[Input for this task Boundary: Start]

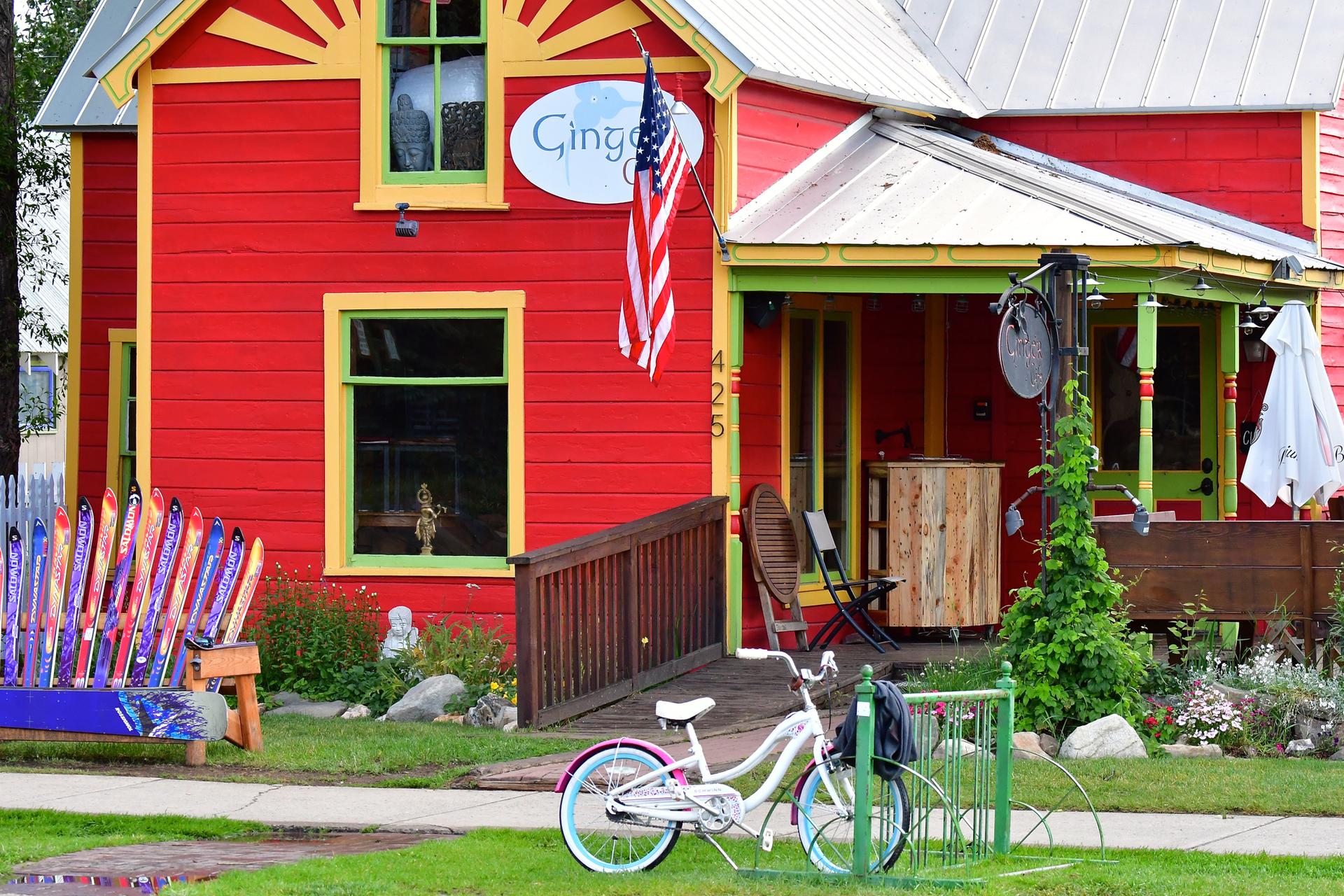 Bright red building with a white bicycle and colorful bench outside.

[Input for this task Boundary: End]
[Input for this task Boundary: Start]

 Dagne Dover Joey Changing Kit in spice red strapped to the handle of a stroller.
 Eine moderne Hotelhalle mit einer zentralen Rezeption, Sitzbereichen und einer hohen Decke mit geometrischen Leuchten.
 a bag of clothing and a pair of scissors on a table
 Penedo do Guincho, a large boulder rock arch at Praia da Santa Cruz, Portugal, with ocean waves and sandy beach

[Input for this task Boundary: End]
[Input for this task Boundary: Start]

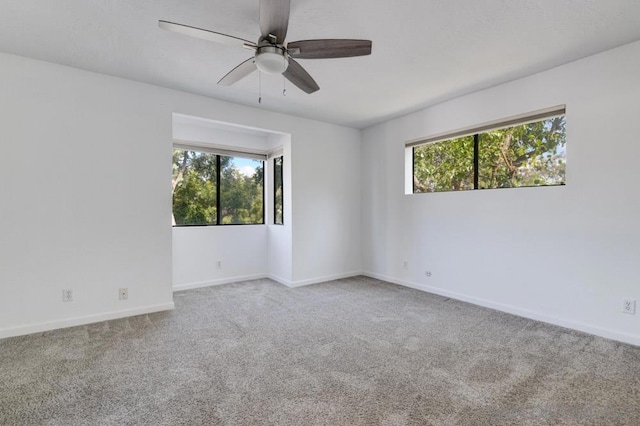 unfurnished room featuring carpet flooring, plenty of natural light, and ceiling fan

[Input for this task Boundary: End]

» Assignment:
Scan the listing above for the line that has "a bag of clothing", then copy exactly from that line through the line that has "Penedo do Guincho, a".

» Result below:
 a bag of clothing and a pair of scissors on a table
 Penedo do Guincho, a large boulder rock arch at Praia da Santa Cruz, Portugal, with ocean waves and sandy beach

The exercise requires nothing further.